Et c'est ainsi que je rencontrai Griselda.
11
– Hello! dit-elle. Vous me semblez avoir bien chaud…
Si j'avais chaud! Je me sentais comme si j'avais couru après cette insupportable donzelle à travers toute l'Afrique en long et en large. L'affaire s'était d'abord déroulée à merveille, réalisant mes prévisions. J'avais suivi la piste d'une équipe vers le nord, direction qui m'était réservée, et attendu que la chance eût séparé du gros de la troupe la fille que je convoitais. Alors, tandis que les autres s'occupaient à dénicher des mangoustes dans les fourmilières, à ramasser des œufs de crocodile ou à chasser singes ou lapins, je me faufilai, caché dans l'herbe, dans l'espace entre elle et eux. Ensuite, grondant à la façon d'un léopard, je la forçai lentement et la poussai de plus en plus vers l'intérieur. Puis, quand enfin elle fut trop éloignée pour appeler son père à la rescousse, je bondis. Je m'attendais à la faire grimper sur un arbre, ou à la rattraper facilement. Mais quand j'atteignis l'endroit où je prévoyais la curée, elle n'y était pas: elle se trouvait au moins cent cinquante pas plus loin, et j'étais un peu essoufflé.

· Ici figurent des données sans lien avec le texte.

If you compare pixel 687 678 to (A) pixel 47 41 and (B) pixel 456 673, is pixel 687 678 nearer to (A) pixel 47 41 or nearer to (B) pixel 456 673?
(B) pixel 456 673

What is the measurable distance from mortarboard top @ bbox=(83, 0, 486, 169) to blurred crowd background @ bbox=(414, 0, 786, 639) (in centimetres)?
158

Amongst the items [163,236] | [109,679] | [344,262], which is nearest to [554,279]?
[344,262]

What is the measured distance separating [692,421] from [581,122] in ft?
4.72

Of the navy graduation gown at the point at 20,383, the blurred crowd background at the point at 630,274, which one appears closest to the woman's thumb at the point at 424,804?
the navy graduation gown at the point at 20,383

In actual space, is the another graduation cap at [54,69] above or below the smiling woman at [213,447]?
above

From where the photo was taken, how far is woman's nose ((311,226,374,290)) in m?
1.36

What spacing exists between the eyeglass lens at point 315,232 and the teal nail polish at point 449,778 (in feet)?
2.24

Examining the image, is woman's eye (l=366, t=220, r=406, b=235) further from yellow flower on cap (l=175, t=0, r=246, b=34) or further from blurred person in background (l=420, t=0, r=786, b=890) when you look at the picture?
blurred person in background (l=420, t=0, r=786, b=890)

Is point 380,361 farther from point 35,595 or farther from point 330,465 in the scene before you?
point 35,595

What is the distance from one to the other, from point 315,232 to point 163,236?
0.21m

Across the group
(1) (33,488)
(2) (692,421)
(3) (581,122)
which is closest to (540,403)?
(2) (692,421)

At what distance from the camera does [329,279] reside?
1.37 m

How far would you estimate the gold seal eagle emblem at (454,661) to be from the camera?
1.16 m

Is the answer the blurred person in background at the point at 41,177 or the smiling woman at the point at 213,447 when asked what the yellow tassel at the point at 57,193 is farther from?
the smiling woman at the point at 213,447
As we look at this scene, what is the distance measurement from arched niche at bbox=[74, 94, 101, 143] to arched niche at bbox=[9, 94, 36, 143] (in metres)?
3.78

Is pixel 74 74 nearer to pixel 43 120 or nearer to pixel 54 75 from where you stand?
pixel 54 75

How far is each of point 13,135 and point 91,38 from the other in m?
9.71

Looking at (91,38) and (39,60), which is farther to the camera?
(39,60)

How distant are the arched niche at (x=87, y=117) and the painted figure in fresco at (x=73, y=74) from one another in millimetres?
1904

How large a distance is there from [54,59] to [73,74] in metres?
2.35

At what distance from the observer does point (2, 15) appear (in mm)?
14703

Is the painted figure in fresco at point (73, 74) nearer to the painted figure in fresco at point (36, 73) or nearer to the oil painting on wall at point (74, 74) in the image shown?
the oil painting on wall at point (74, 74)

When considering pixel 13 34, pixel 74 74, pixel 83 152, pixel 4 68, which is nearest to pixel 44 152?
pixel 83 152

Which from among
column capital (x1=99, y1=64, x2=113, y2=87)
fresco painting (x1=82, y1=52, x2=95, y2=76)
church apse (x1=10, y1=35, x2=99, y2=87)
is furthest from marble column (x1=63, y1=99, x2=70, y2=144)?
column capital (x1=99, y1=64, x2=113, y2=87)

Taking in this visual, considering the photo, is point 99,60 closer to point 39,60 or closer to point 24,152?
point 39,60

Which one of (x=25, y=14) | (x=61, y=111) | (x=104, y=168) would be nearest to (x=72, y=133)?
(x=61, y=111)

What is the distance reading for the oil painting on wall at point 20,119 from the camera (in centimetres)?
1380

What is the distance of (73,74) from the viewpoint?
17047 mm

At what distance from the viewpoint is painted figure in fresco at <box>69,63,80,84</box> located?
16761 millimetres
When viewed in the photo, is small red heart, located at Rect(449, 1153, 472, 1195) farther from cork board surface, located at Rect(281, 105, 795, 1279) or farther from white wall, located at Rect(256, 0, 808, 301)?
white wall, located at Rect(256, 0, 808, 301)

Bon, me dis-je. Elle l'emporte au sprint, je ne suis pas un léopard; mais en course de fond je l'aurai à l'usure. Ma seule crainte, c'était qu'elle ne courût en rond et ne revînt à son point de départ. Aussi devais-je faire de grands efforts pour la rabattre, chaque fois qu'elle me semblait en avoir l'intention. L'aria, c'était qu'elle le faisait toujours quand cela m'astreignait à obliquer par un marécage. A croire qu'elle savait lesquels seraient les plus boueux et les plus infestés de sangsues. Je n'allais pas me laisser abattre par de tels stratagèmes, mais quand je débouchais d'un de ces marais, couvert des pieds à la tête de boue et de sangsues, troquant le cri du léopard pour celui de l'hippopotame, elle fuyait de nouveau et me faisait faire du footing à travers l'herbe haute. Elle courait avec la vitesse et l'endurance d'une autruche, et comme une autruche elle semblait immunisée contre les tiques qui s'attachaient à moi. Mais je ne perdais pas de vue cet arrière-train tout frétillant, et refusais de me laisser dépister.

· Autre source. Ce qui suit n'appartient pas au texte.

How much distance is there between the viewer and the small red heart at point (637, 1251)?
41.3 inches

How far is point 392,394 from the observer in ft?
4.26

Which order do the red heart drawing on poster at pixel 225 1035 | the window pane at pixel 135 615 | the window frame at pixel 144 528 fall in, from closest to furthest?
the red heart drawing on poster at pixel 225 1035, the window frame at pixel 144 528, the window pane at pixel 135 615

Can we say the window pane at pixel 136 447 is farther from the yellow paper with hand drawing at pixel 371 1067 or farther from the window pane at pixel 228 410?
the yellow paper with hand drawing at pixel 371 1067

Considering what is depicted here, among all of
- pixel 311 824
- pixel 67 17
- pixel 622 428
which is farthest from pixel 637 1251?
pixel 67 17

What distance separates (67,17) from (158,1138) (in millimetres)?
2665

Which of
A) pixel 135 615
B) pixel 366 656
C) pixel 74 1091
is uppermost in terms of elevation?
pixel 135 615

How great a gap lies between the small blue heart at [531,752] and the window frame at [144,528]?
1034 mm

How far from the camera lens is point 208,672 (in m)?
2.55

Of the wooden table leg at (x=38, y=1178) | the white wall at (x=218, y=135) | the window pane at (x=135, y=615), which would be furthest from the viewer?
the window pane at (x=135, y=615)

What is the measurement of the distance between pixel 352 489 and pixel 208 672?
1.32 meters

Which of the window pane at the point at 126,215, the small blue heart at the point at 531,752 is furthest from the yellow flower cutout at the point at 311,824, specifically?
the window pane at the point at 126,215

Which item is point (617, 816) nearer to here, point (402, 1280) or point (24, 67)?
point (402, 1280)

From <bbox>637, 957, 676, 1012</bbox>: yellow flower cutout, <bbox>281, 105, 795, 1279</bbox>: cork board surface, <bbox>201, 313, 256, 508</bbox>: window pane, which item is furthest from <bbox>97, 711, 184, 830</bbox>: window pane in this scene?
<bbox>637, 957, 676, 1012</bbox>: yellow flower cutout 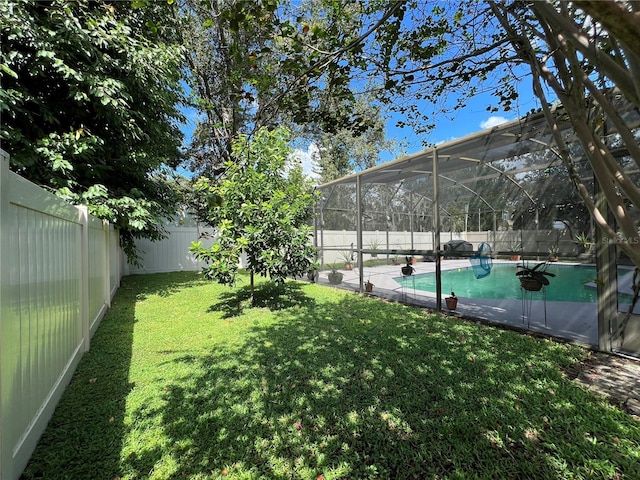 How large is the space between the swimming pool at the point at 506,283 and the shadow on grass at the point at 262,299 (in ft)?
8.30

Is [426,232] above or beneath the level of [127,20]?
beneath

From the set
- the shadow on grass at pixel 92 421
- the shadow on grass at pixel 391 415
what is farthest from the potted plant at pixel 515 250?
the shadow on grass at pixel 92 421

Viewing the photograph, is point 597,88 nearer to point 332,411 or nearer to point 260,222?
point 332,411

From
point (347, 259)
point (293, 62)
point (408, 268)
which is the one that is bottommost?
→ point (408, 268)

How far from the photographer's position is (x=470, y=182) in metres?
5.79

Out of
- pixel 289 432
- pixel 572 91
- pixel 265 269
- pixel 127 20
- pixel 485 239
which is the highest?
pixel 127 20

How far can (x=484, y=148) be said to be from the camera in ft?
16.9

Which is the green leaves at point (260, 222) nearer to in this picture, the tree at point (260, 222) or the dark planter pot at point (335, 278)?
the tree at point (260, 222)

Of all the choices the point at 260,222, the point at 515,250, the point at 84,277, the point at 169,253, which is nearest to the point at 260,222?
the point at 260,222

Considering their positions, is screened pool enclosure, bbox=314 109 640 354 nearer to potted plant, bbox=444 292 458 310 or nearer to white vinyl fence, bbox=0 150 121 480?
potted plant, bbox=444 292 458 310

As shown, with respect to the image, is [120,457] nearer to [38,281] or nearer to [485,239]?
[38,281]

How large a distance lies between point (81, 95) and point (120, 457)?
588 centimetres

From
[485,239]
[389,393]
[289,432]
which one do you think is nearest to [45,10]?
[289,432]

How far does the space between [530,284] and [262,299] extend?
5103mm
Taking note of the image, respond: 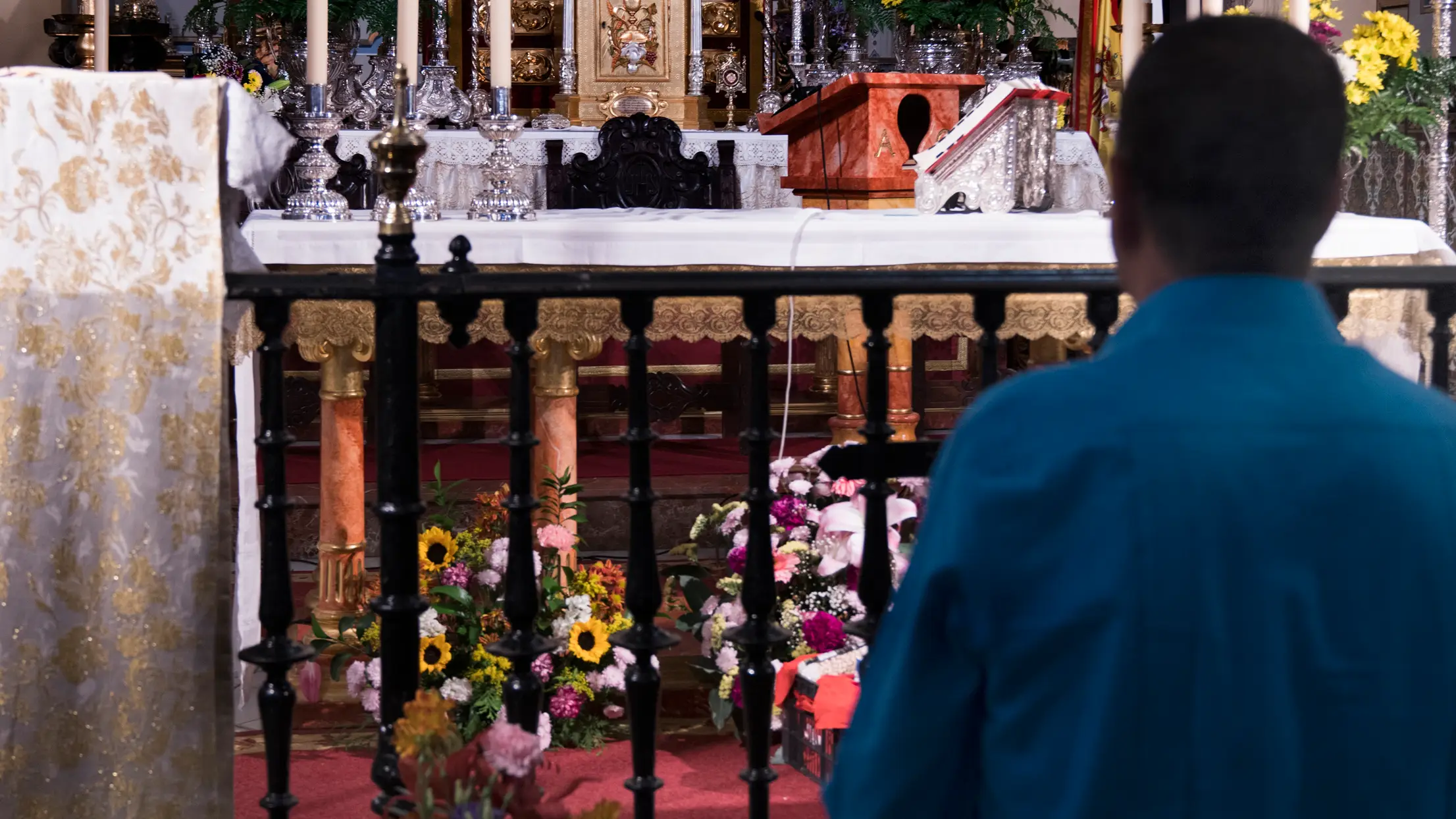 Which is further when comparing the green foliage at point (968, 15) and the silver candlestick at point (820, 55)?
the silver candlestick at point (820, 55)

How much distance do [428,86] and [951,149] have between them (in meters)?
1.27

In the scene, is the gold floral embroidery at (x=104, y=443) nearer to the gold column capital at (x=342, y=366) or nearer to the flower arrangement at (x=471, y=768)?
the flower arrangement at (x=471, y=768)

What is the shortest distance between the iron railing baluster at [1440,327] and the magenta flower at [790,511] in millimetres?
1466

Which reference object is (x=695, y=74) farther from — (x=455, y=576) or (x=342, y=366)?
(x=455, y=576)

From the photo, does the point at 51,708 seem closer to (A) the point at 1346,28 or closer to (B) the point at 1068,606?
(B) the point at 1068,606

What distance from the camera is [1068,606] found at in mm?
998

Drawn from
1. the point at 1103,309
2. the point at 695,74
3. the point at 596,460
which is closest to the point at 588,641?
the point at 1103,309

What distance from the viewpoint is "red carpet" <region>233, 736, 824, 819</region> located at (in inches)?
110

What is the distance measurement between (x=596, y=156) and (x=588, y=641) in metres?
3.09

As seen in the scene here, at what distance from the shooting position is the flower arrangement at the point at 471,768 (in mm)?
1625

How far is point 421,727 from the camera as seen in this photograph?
1681mm

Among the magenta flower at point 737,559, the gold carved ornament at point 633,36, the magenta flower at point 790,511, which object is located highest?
the gold carved ornament at point 633,36

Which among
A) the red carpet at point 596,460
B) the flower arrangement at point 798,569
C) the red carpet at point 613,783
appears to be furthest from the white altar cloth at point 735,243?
the red carpet at point 596,460

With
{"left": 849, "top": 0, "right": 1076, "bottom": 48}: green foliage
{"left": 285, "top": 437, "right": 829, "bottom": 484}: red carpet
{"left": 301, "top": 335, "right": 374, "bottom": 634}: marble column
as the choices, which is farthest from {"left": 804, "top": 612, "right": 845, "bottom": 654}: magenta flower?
{"left": 849, "top": 0, "right": 1076, "bottom": 48}: green foliage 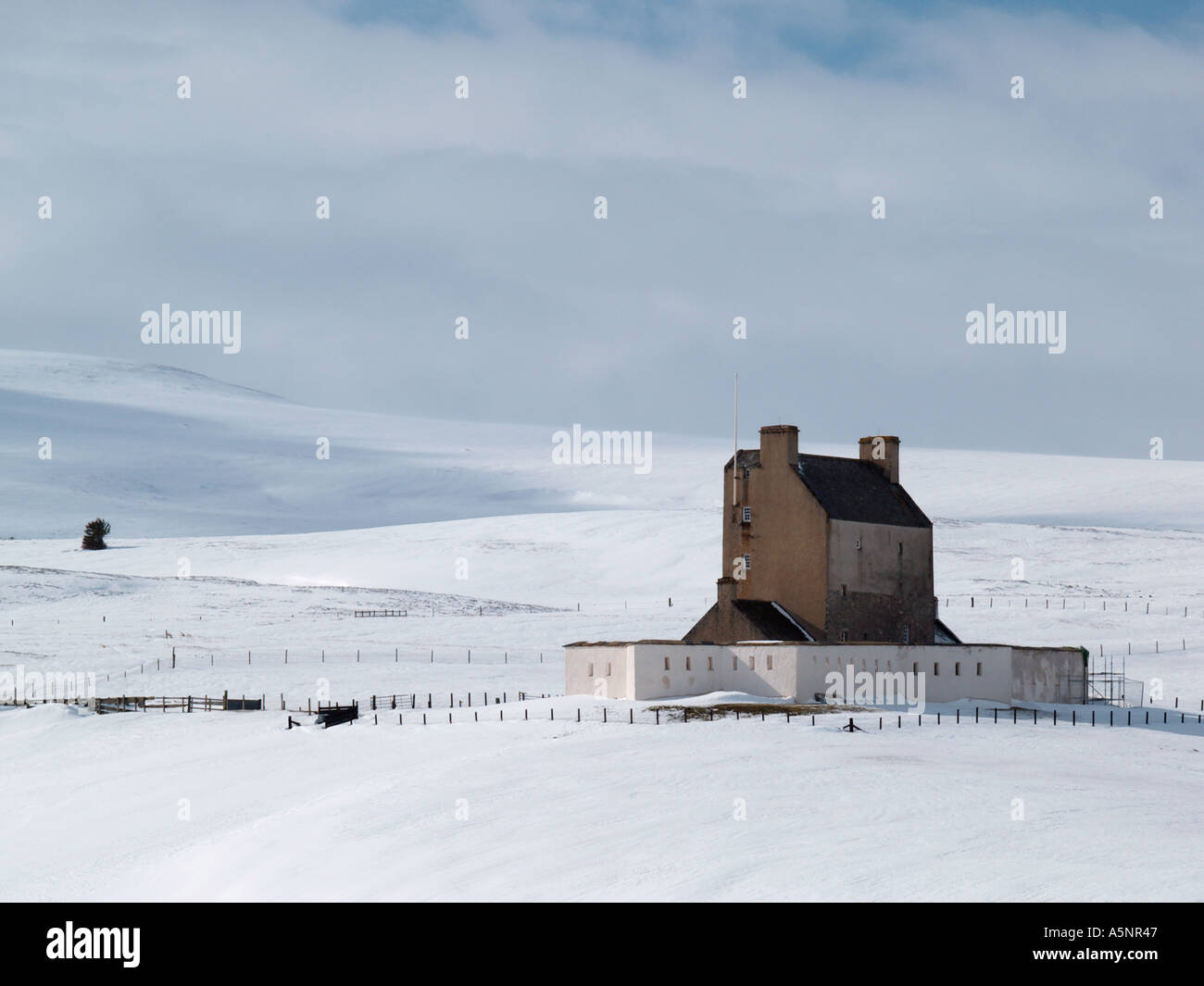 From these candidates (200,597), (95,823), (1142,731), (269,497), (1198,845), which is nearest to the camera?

Elle tentait de le faire en se jetant à l'eau. Si elle courait comme une autruche, elle nageait comme un crocodile. Faisait-elle exprès de les réveiller, les crocodiles, en barbotant bruyamment, tel un gibbon tombé d'un arbre? En tout cas quand je plongeais, moi, ils avaient déjà pas mal d'avance et, faute de la rattraper, ils avaient tendance à s'intéresser à moi. Je n'aurais pas été peu fier du nouveau crawl rapide que j'inventai à l'instant même, si j'avais eu le loisir d'y penser.

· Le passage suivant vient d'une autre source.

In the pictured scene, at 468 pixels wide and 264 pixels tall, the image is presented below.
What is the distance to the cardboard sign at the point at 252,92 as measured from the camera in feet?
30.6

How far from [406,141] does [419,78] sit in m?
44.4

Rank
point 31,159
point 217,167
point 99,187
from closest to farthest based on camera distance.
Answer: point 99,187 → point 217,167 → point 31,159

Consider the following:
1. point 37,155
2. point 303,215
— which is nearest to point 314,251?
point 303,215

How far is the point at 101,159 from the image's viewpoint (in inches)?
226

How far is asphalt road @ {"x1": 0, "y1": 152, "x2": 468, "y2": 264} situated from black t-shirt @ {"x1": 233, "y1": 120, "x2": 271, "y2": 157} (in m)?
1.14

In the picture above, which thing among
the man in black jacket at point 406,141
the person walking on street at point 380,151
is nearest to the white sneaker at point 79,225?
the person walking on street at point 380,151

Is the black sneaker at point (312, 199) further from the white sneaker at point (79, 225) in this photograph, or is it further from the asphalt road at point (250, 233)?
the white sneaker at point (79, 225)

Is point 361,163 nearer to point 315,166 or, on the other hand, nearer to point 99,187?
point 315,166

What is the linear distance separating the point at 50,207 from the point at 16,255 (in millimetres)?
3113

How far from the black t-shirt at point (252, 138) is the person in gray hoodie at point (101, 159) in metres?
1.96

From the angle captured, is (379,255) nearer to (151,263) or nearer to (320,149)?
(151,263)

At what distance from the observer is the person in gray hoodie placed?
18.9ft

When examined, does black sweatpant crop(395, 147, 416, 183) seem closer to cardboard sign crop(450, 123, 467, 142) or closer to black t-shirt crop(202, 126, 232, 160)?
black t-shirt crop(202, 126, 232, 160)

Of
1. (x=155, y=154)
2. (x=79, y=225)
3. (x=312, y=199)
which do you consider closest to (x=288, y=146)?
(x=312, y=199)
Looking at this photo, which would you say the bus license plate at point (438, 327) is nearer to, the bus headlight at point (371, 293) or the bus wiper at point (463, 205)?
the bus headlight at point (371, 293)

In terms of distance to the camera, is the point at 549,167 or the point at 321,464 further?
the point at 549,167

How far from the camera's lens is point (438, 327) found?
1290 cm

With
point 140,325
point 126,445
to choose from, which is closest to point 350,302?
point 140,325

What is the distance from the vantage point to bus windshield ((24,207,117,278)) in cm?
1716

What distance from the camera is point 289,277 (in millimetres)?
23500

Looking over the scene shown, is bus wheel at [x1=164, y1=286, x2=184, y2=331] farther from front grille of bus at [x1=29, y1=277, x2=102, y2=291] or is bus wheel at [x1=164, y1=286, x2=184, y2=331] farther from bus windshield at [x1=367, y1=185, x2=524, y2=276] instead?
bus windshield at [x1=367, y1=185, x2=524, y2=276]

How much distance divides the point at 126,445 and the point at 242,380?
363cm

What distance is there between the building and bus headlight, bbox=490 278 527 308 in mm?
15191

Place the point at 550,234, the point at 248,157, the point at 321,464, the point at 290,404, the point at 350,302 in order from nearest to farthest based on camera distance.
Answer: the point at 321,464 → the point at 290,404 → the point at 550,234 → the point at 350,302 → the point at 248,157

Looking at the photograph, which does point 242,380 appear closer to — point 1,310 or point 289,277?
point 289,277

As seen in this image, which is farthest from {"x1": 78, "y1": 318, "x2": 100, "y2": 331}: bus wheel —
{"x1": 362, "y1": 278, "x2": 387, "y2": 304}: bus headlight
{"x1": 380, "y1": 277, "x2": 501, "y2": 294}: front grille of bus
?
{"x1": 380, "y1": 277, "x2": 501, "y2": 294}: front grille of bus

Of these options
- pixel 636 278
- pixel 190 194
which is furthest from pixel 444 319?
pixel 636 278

A d'autres moments elle me lançait parmi des lions se chauffant au soleil, ou des femelles de machérodes allaitant leurs petits, histoire de me compliquer la poursuite. De préférence, bien entendu, quand il y avait pour elle un arbre à proximité, et rien pour moi. Nous avons passé plusieurs nuits dans des arbres distants de moins de deux cents pas, et je me préparais pour être prêt dès que les lions se lasseraient d'attendre, mais chaque fois elle était descendue et repartie avant moi.
Elle me fît franchir plusieurs montagnes. Dans l'ascension, je l'aurais rattrapée, s'il n'y avait pas eu les cailloux et les roches qu'elle délogeait avec ses pieds dans ses efforts désespérés pour m'échapper et qui me dégringolaient sur la tête – généralement dans un couloir ou une cheminée difficiles. Mais à la descente elle me distançait de nouveau, peut-être parce que j'avais la migraine.